“Each one should use whatever gifts he has received to serve others, faithfully administering God’s grace in its various forms. If anyone speaks, he should do it as one speaking the very words of God. If anyone serves, he should do it with the strength God provides, so that in all things God may be praised through Jesus Christ. To him be the glory and the power for ever and ever. Amen.”
A first look:
- “Each one” seems to clearly imply that “each one” does indeed have a gift to use to serve others.
- This gift is a “grace,” not just to each individual who has a gift but for the “us” who will need other people and through others that God provides the fulfillment of that need. God wisely makes us so that it is impossible for us to be independent. We could lie to ourselves and think that we are, but we cannot. No one can. Therefore he graces others with gifts for our hour of need, and gives us gifts to serve others in their hour of need.
- God provides strength so that those gifted to serve can serve and that He will get the praise. I believe this also happens for the ones who speak, that God provides the words to those who speak so that He gets the praise. Those who serve need to rely on God’s strength, and those who speak to rely on God’s words.
- End result is that God may be praised through Jesus Christ.
To the heart:
Clearly God gives gifts to his people. That’s not something I’ve doubted. I see it even in those who do not follow Jesus. But at times in my own life I have felt frustrated and hindered in being able to use those gifts. Yet the reality is that if I’m frustrated that I can’t use those gifts, it’s probably because I’m being more conscious and concerned about me using them than I am about using them to meet the needs of others.

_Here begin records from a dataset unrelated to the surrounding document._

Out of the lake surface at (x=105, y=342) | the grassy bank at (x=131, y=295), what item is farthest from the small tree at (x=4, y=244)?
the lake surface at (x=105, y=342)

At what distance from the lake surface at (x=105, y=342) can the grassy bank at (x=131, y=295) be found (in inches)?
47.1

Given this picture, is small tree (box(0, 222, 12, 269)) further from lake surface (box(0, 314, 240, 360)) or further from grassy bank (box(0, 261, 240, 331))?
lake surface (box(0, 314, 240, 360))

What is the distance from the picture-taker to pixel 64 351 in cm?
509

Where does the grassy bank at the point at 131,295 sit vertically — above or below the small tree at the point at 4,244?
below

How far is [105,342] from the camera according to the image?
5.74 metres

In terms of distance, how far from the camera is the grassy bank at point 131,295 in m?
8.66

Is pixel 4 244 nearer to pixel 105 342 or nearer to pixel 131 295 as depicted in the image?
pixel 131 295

Then there is the reality of the gifts I don’t have. I am not a children’s worker, but everyone tends to assume this if you are a woman. Add to that is that I see that those who work with the poor and the orphaned children of the world seem to have this communion with God that goes above and beyond. Think Mother Theresa. Think George Mueller. Think of the young 21 year old woman from the blog below (her blog is extraordinary). And it’s no wonder. James says that this is what pure religion is all about. And yet I find myself having a Godly jealousy for that kind of communion.

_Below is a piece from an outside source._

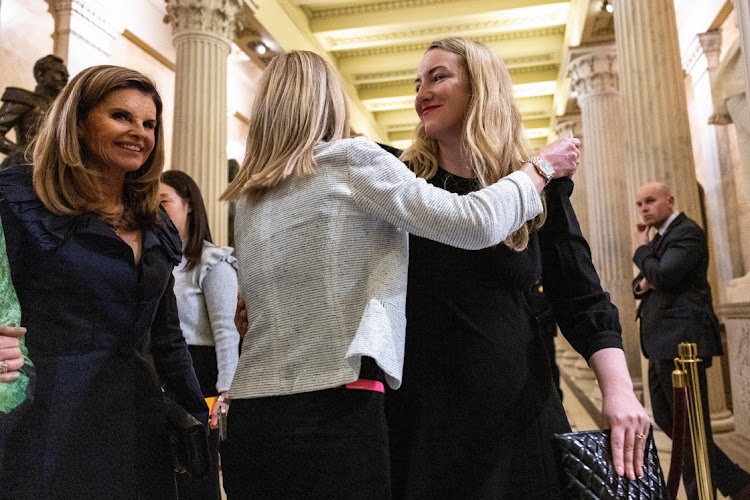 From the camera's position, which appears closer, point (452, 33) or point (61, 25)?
point (61, 25)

Now I know there are other great people of God who didn’t primarily work with children–Billy Graham for instance. Where would the world be if we didn’t have his evangelistic work and the standard of holy living that we know him to have? And I’ve met other people, one young man I’m thinking of who is only around 30 and yet carries in him the very presence of God. Neither work with children.
And yes, I can name a bunch of others, but there is just something special among those who work among the poor and the children. Maybe it’s because as James has said, “God has chosen those who are poor in the eyes of the world to be rich in faith.” Perhaps we need to move our seminaries among them. They are the ones who teach.

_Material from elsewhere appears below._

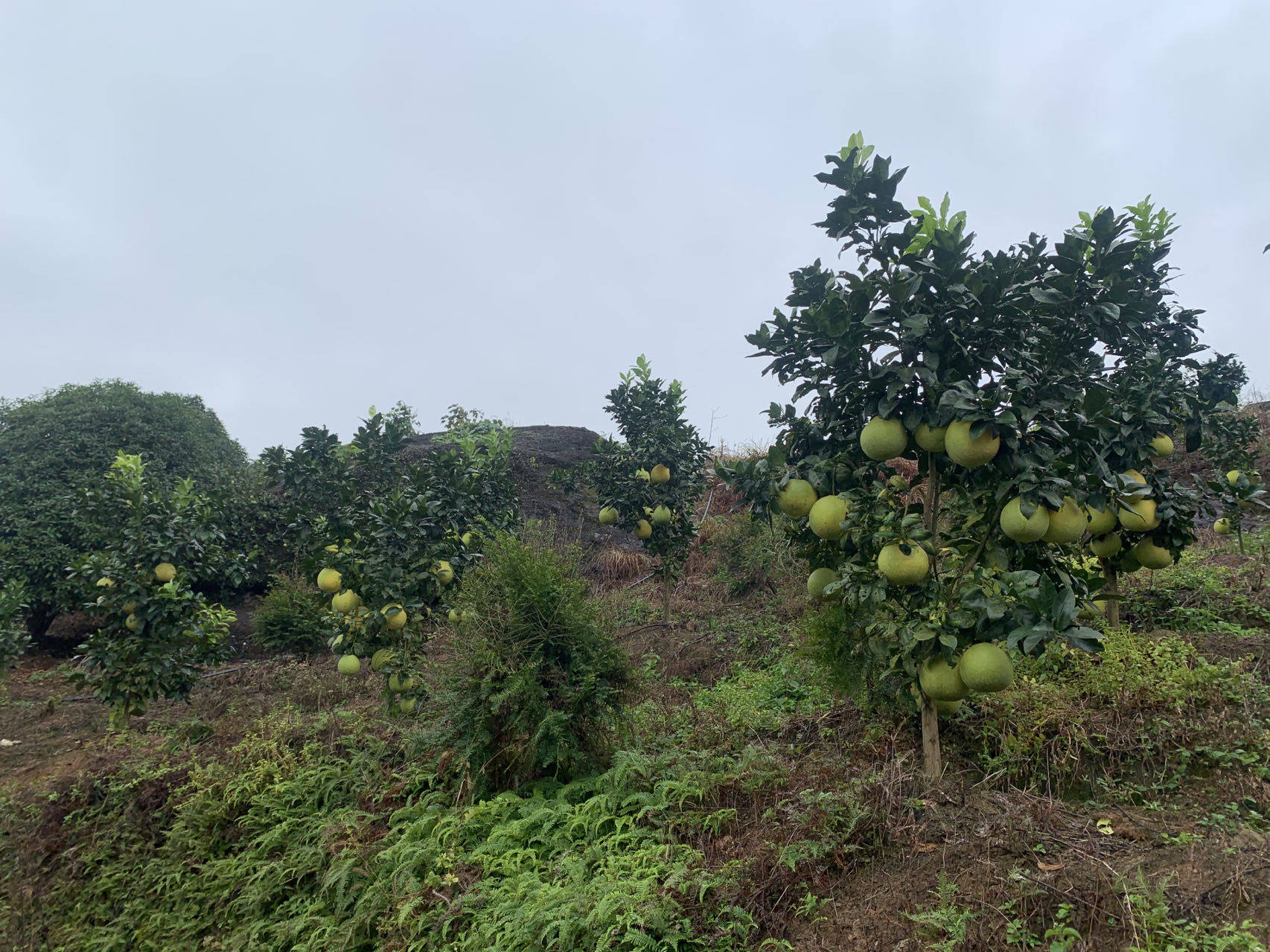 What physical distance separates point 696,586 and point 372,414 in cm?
759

As an aside, when I was in Bible college we had to write out our statement of faith. It consisted of things like “I believe the Bible is God’s Word, Jesus died for our sins, the Holy Spirit indwells us, etc… These are all good, but I think if I were ever asked to do it again, I would want to write something like, ‘I feed the poor in Jesus’ name, I give the very best clothes I have to the homeless because Jesus gave his very best for us, I adopt the orphan (through sponsorship or adoption) as I have been adopted by God, etc…’ Wouldn’t this be a much better statement of ‘faith?’
Ok, so now that I’m off on as many tangents as Peter (try reading 1:3-5 in one breath), perhaps I’ll get back to a semblance of the trail that I was on. EACH ONE receives a gift from the Lord, and these gifts are different. But they all have a similar purpose–TO SERVE. My gift is different from your gift. One serves through the strength of God. One speaks as if it is the very words of God. One helps the poor through the power of God. And in the end it is all for the same goal–FOR PRAISE. To God. For his glory for what he has done through Jesus. And really, if our heart cares only about using our gift for His praise, what does it really matter about anything else?